I have over a dozen of filesystems on my OpenBSD server with 12GB DDR3 and several 1.5TB HDDs. All filesystems themselves are generally between 8GB and 64GB in size.

I've noticed that even by following the best practice — of keeping them so small — fsck is still very slow on reboot.

What makes fsck so slow? Raw filesystem size? Total number of inodes (iused + ifree)? Number of used inodes? Something else entirely? Any easy way to improve fsck times even further?

Best Answer

The purpose of running fsck is to find inconsistencies. Doing so means walkig the filesystem to look at each directory entry (directory/file) as well as the data behind it to verify for example that the size in the directory entry matches the actual size of the data. This process has always been slow. In the old days we didn't notice since filesystems were much smaller, contained a smaller amount of files and computers took longer to boot anyway (services were started sequentially).
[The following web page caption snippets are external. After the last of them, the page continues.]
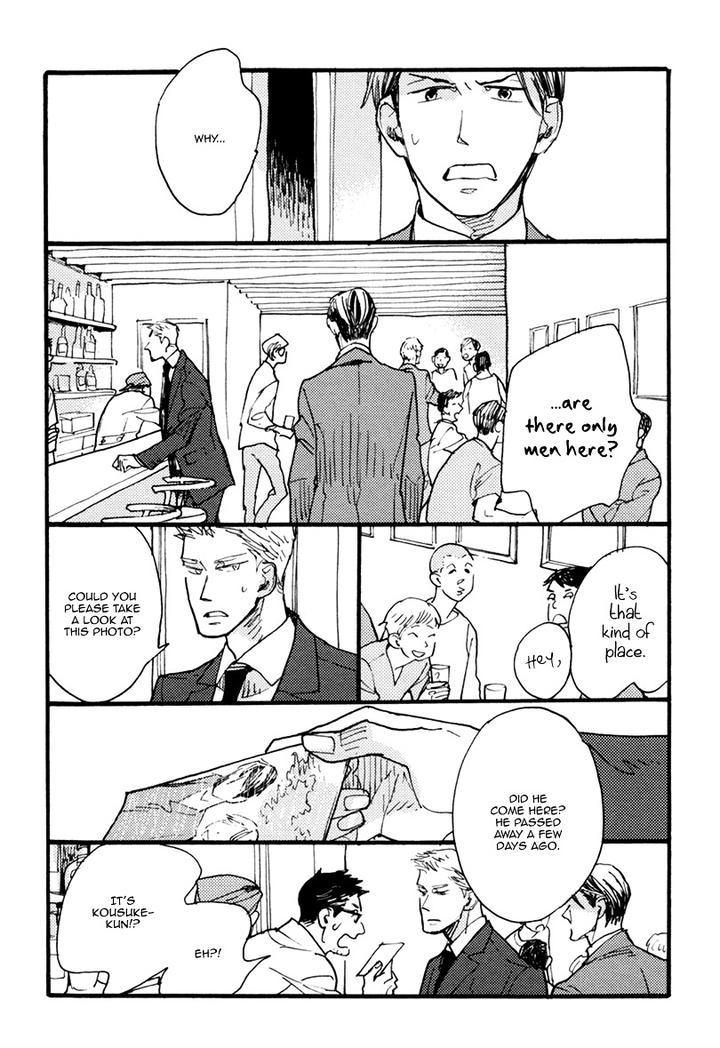 Akegata ni Yamu Ame by KUSAMA Sakae [Eng] page 14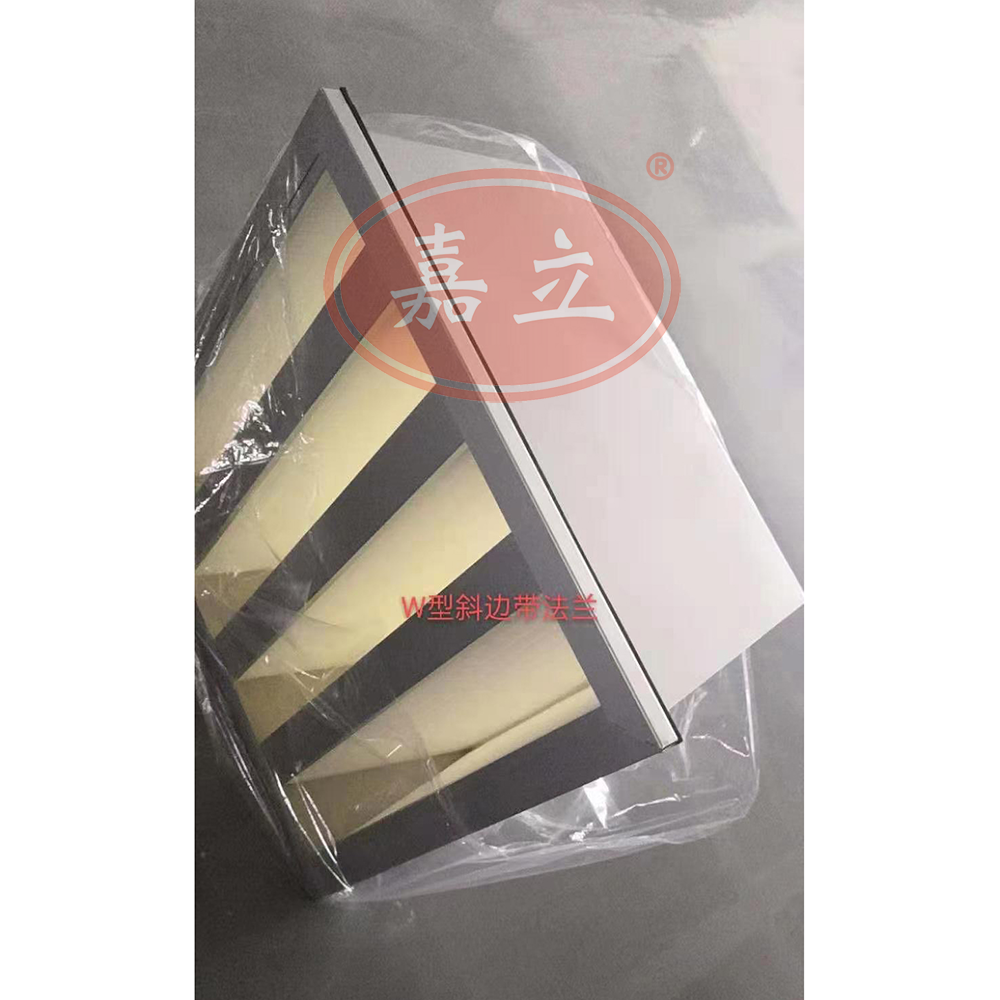 曲阳箱式V型单法兰大风量高效过滤器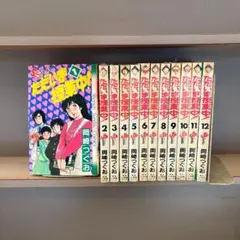 ホールドアップキッズ 全11巻 完結セット 小谷憲一 集英社 当時物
Since speed of rotating disks isn't increasing in the same way capacity does, running a filesystem check during system start is becoming less and less feasible.

That's why many reasonably modern filesystems like ext3, ext4, reiserfs, XFS,... don't do a filesystem check on reboot anymore. Instead they use a journal for bookkeeping. Before a change is written to disk it is written to the journal. Once the change is complete the outstanding transaction is marked as complete in the journal. Should the system die before a transaction is complete the filesystem knows which transactions were underway and can "replay" these transactions to bring the filesystem back into a consistent state. This tends to be much faster than running a filesystem check. Modern filesystems use a ton of clever tricks to reduce the overhead of maintaining the journal - in practice you often don't notice the difference.

The latest generation of filesystems like btrfs, ZFS,... uses copy-on-write techniques which means a transaction that modifies a file or metadata never overwrites existing data. Instead the new data is written to separate blocks. Once the new copy is ready the filesystem atomically switches over to using the new copy. This also effectively prevents the filesystem from becoming inconsistent (plus it has some other advantages).

Consider using a journaling filesystem or a copy-on-write filesystem if you want your system to start quickly.